Cependant en Europe un nouveau questionnement a surgi lors des préparations de l'ouverture du musée du quai Branly à Paris, du nouveau musée royal d'Afrique centrale à Tervuren et de l'Humboldt Forum à Berlin, impliquant des experts africains de musées. L'exigeance d'impliquer les professionnels et chercheurs africains est incontesté dans ce contexte afin d'embarquer les musées en Afrique dans le champ de l'exploration. Bien qu'il ait eu de nombreux programmes de coopération entre musées africains et européens, seuls quelques-uns peuvent se montrer à la hauteur des critiques postcoloniales. Soit ces programmes de coopération sont quasiment unidirectionnels, en présentant des expositions préconçues en Europe pour les musées africains ou visant à renforcer les capacités de ceux–ci dans des domaines comme la conservation, la restauration ou le montage d'exposition, ce faisant dans une perspective de développement. D'autres sont mis en œuvre uniquement sous forme de consultation dans le cadre d'échanges d'expérience avec des muséologues «afripolitains» en Europe. Seulement peu de collaborations se préoccupent de la mise en œuvre d'un projet conjoint basé sur des attentes locales et des objectifs et besoins de toutes les parties prenantes.

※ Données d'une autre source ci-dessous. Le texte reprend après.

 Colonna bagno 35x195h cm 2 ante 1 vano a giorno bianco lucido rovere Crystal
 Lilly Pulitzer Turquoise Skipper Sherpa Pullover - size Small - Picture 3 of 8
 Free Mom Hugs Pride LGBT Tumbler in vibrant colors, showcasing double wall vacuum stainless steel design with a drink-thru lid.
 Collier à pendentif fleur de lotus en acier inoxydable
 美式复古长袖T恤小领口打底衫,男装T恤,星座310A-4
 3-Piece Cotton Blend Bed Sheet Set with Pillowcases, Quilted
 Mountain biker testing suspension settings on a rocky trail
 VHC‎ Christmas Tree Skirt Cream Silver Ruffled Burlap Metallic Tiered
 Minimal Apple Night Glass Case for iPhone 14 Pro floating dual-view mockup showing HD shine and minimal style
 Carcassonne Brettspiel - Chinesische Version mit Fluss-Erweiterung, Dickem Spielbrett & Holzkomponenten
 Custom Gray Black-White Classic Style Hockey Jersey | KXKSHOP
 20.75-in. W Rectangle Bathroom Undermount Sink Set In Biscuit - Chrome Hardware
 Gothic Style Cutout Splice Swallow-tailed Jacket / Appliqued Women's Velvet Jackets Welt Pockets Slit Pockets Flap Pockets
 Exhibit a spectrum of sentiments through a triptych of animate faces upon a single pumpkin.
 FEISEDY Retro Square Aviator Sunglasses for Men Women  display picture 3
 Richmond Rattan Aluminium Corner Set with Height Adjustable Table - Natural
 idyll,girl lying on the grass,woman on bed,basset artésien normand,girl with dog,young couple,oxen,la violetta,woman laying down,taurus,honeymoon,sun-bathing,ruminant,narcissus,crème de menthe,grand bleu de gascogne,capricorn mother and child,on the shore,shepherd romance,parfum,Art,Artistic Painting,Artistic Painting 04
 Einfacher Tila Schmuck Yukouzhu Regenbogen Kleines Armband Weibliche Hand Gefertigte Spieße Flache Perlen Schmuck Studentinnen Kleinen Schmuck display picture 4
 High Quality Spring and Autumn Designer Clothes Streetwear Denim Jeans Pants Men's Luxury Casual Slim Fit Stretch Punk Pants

Le présent atelier s'intéressera aux questions suivantes: Quels sont les conditions et impacts de la coopération entre les musées en Afrique et en Europe aujourd'hui? Comment la coopération Nord-Sud influence-t-elle le futur du musée ethnographique en Afrique et en Europe ? Comment nous collectons, interprétons et communiquons la culture matérielle au 21ème siècle ? Existe-t-il des récits partagés sur les musées et comment sont-ils produits? Comment l'urbain se traduit-il dans le travail muséal, dans les expositions et l'interaction avec le public?